Remembering 9/11: 8 Things I'm Recommitting To

As the 10th anniversary of September 11th approaches, I find myself getting emotional every time I hear one of the stories associated with that day. Although born in the Bronx, I moved to New Jersey as a child and then in college years, to Boston, where I’ve stayed ever since. Despite my Boston home, I hold a special fondness for all things related to the Greatest City on Earth, especially my trips to the Bronx Zoo as a child and shows I took in on Broadway.

I watched an interview today with Lauren Manning on The Today Show. I heard her speak about the events of 9/11 from her perspective, as she headed to her office on the 105th floor of the World Trade Center and how she was immediately met by flames so fierce, she was burned on over 80% of her body. I was struck by the simplicity of her thoughts as she talked about the lessons she’d learned from the day. They weren’t complicated thoughts about “why me” or complex plans for her future. They were simple, essential, clear nuggets of wisdom from a woman who had almost lost everything in an instant and afterwards, learned how to move forward and live life focusing on that which is most important to her: health, family and peace in her heart, regardless of living with the lasting physical and emotional scars that are inevitable after such a horrific event.

As often happens after an event like this, we take stock of where we’re at and we try to make changes in our own lives that will allow us to focus more on what really matters and stop stressing over little things that aren’t that important. As many of these life-changing events often are the result of political, social, economic and cultural forces, the post-event analysis can often be filled with complex discussion about things that need to change on a global, national and local level. But as I read the stories of 9/11, spend time teaching and practicing yoga and pushing myself towards living a healthy life, I’m continually struck by how effective the most simple things can be towards improving your wellness. I see this even in my yoga teaching with children; they find rest and stillness after only a few yoga-inspired games and poses.  
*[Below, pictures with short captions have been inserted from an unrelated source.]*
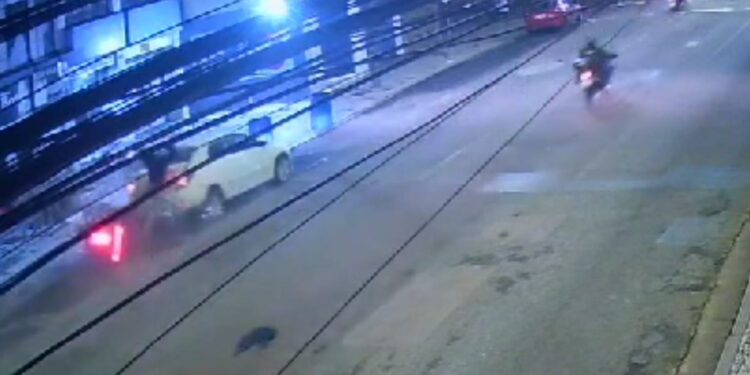 Câmeras registraram acidente com Harley que vitimou empresário; mulher quase foi atingida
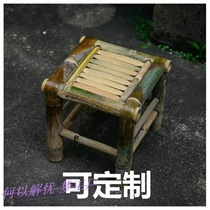 I talk to the moon props peach and plum Cup I say a word to the Moon stage props small bamboo stool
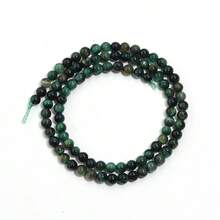 1 件天然绿虎眼石圆珠，多种尺寸珠子，复古闪亮绿色珠宝制作 DIY 珠子，适用于手链、项链、珠宝工艺品、装饰品、吊坠、批发珠子 - 綠色 - 查看 6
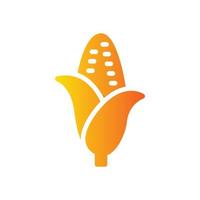 corn gradient icon vector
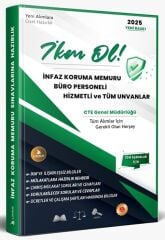 Liyakat İKM Ol İnfaz ve Koruma Memurluğu Tüm Aşamalar İçin Hazırlık Kitabı Liyakat Yayınları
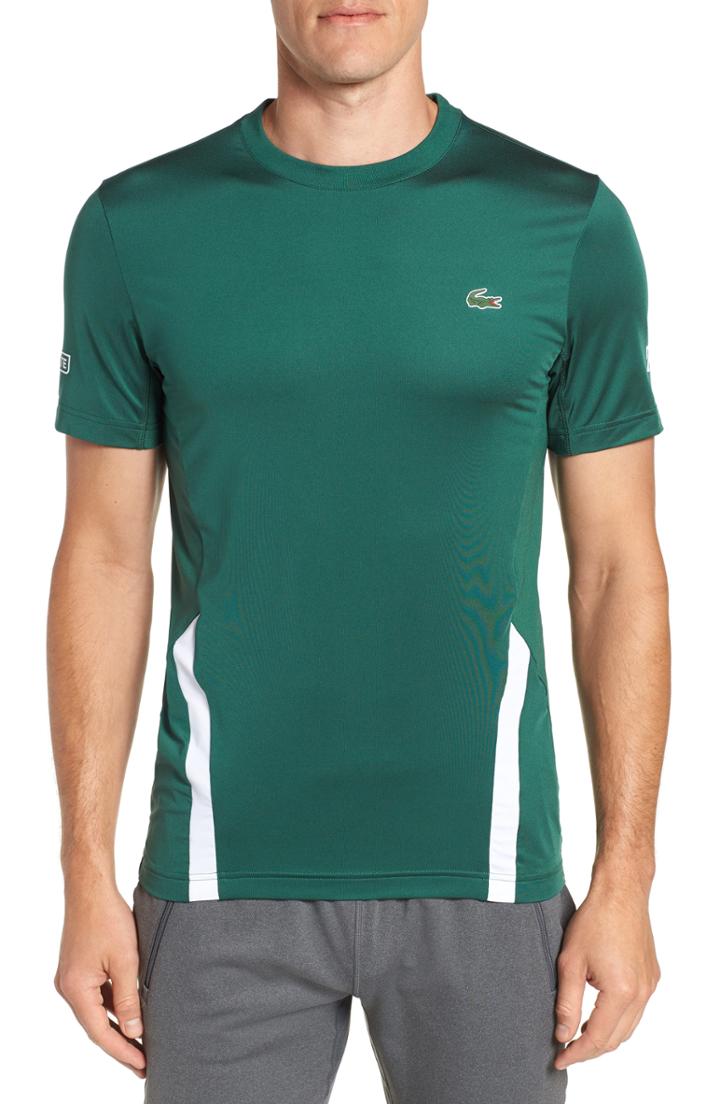 Men's Lacoste Regular Fit Novak Performance T-shirt (m) - Green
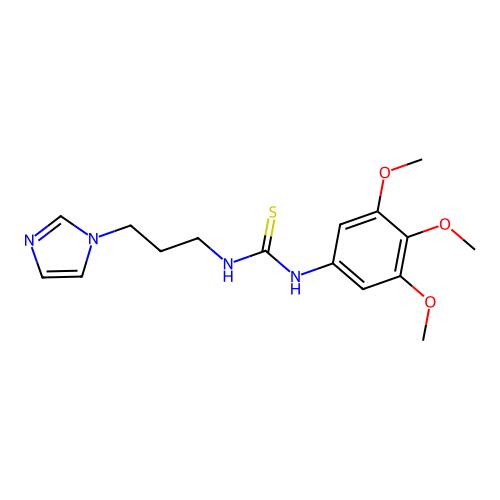 1-(3-(1H-Imidazol-1-yl)propyl)-3-(3,4,5-trimethoxyphenyl)thiourea structure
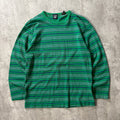 90s GAP STRIPED GREEN LONG SLEEVE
So, while these wellness tips might not all be inspired by 9/11, it’s on the anniversary that I find myself re-committing to some basic things to improve my own health and wellness and increase my overall happiness. Maybe you’ll find some of these things useful:

1. Take deep breathing breaks. As yoga teachers and students know, the deep breathing is one of the magical ingredients to triggering the relaxation response. But at the end of the day, who cares about the biology behind it? It just feels good.

2. Learn to love your body, despite what you might consider its flaws. Lauren talked about this in the interview; about how her body is not the same in so many ways but she’s learned to love it and make peace with her body. We all can do the same, while taking steps to exercise and eat healthy foods. 

3. Let go of resentment and jealousy that only serves your ego and not your health. These are the things that push our buttons and trigger feelings of inferiority. They may pale in comparison to the challenges that others face, but why wait for a tragedy to realize these things don’t serve us. Let them go now.

4. Make time each day to meditate. Make a sweet place in your home available to just sit. Spend time in nature. Get to yoga class 15 minutes early, sit on a block and close your eyes. Go out at lunchtime; sit in your car and breathe. There are lots of creative ways to fit meditation into your day and the benefits are endless.

5. Make time each day to appreciate something about your life. I have a post-it note in my medicine chest that says “Gratitude.” It reminds me every day to be grateful for something.  Do what you need to do to take the time to be grateful.

6. Tell the people you love that you love them. Often. Don’t save this for special occasions. Squeeze it into your phone calls, cards and emails. Make sure those you love feel appreciated and supported.  

7. Figure out what you’re passionate about and make time to include it regularly in your life. One of the best ways to improve your health is to do what you love. If you can’t make it your career, don’t worry. You can make it a hobby, a part-time job, a weekend commitment or nighttime endeavor. Just make sure to make time for it.  

8. Worry less about your age and focus more on making time to do what you love and making most of the time you have on this earth. Anyone that narrowly missed injury or worse on 9/11 because of a late train, plane or meeting most likely lives each day with a zest for life. We all can live this way if we really appreciate the gift of life. 

As the anniversary of this day approaches, let us all work to find peace in our hearts and love in our souls not only for ourselves but for those around us.